What needs to be done
Output nothing but the lines from the beginning of the listing below through the line containing "Prix d’un déménagement", exactly as they stand, without pictures.
----------
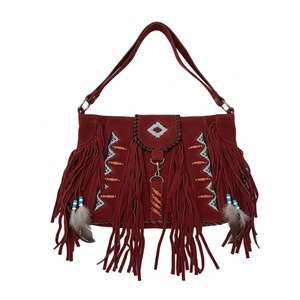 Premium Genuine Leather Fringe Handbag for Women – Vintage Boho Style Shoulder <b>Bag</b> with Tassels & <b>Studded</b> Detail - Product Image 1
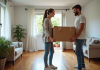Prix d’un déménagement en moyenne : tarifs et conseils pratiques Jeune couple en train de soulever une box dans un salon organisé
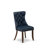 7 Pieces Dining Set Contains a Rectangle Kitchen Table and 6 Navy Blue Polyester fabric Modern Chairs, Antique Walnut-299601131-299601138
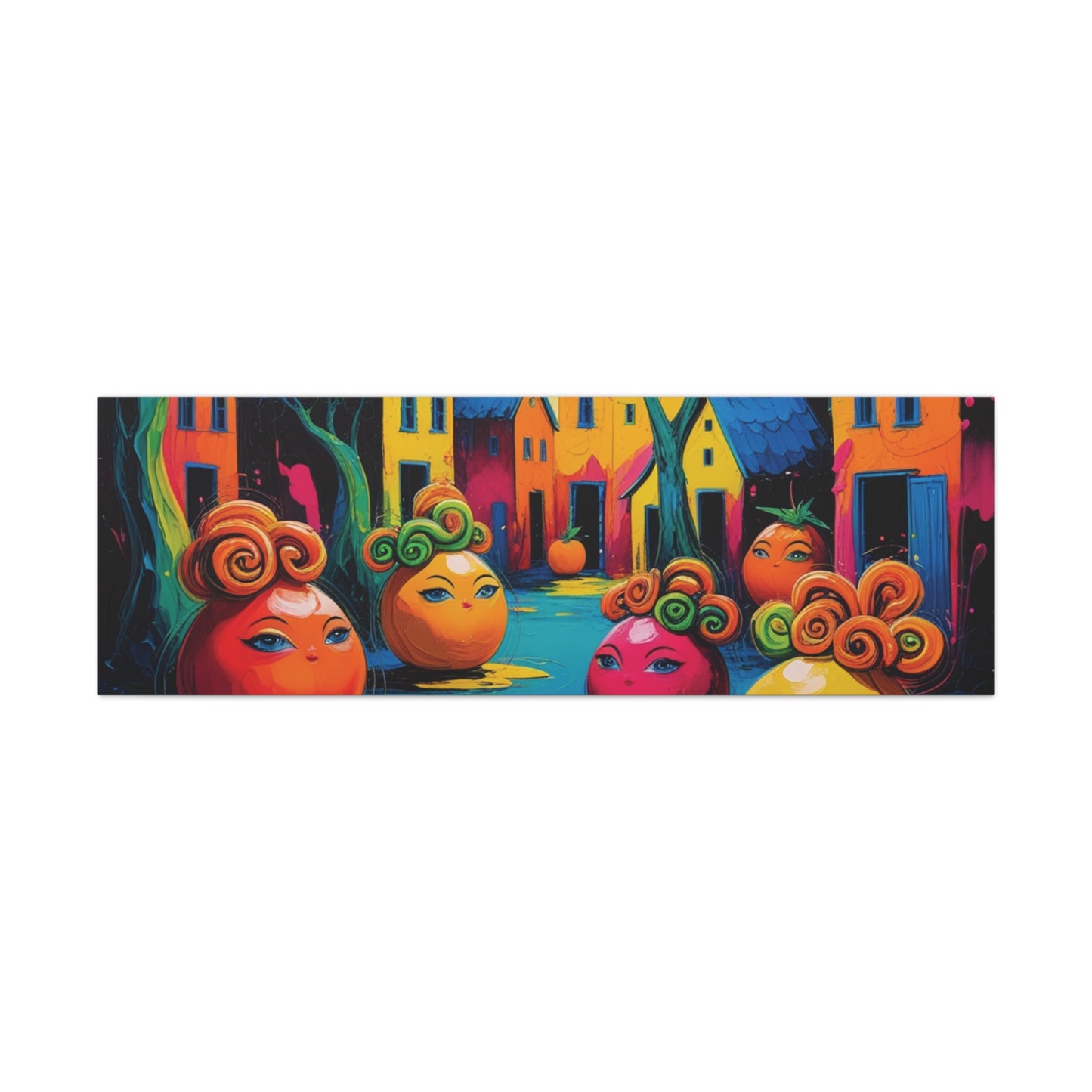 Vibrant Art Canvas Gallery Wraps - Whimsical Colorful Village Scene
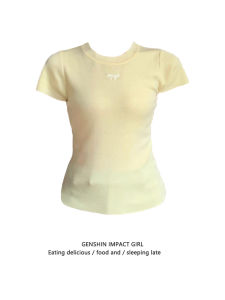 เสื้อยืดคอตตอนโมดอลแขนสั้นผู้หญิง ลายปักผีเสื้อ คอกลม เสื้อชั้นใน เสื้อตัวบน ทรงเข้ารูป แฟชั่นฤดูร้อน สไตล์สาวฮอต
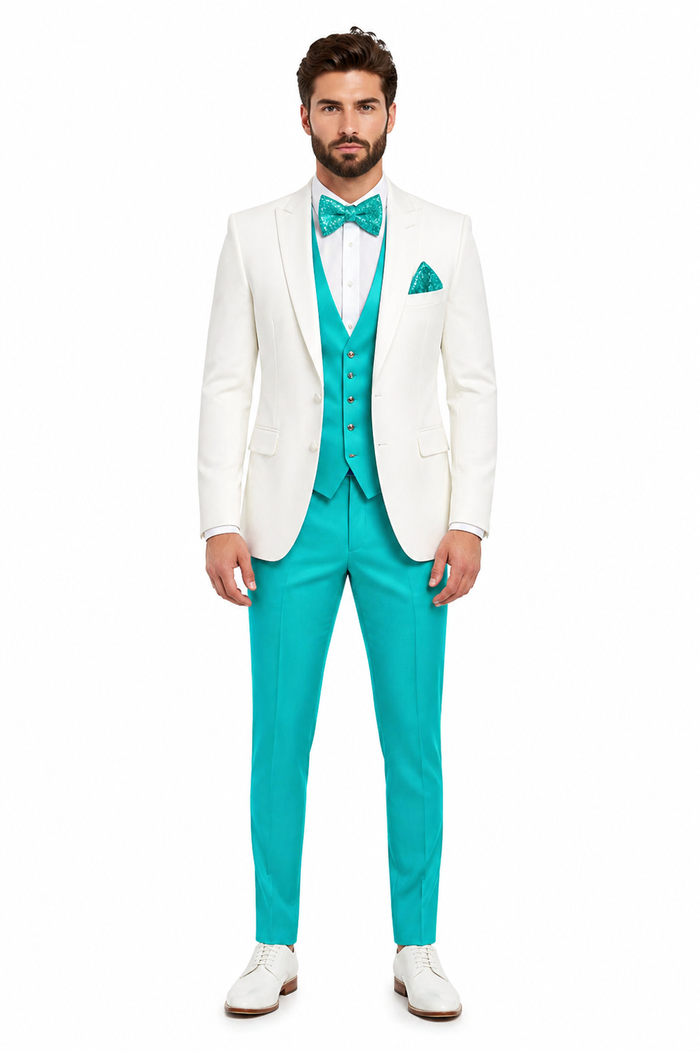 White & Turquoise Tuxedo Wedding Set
----------
Answer section
 Premium Genuine Leather Fringe Handbag for Women – Vintage Boho Style Shoulder <b>Bag</b> with Tassels & <b>Studded</b> Detail - Product Image 1
Prix d’un déménagement en moyenne : tarifs et conseils pratiques Jeune couple en train de soulever une box dans un salon organisé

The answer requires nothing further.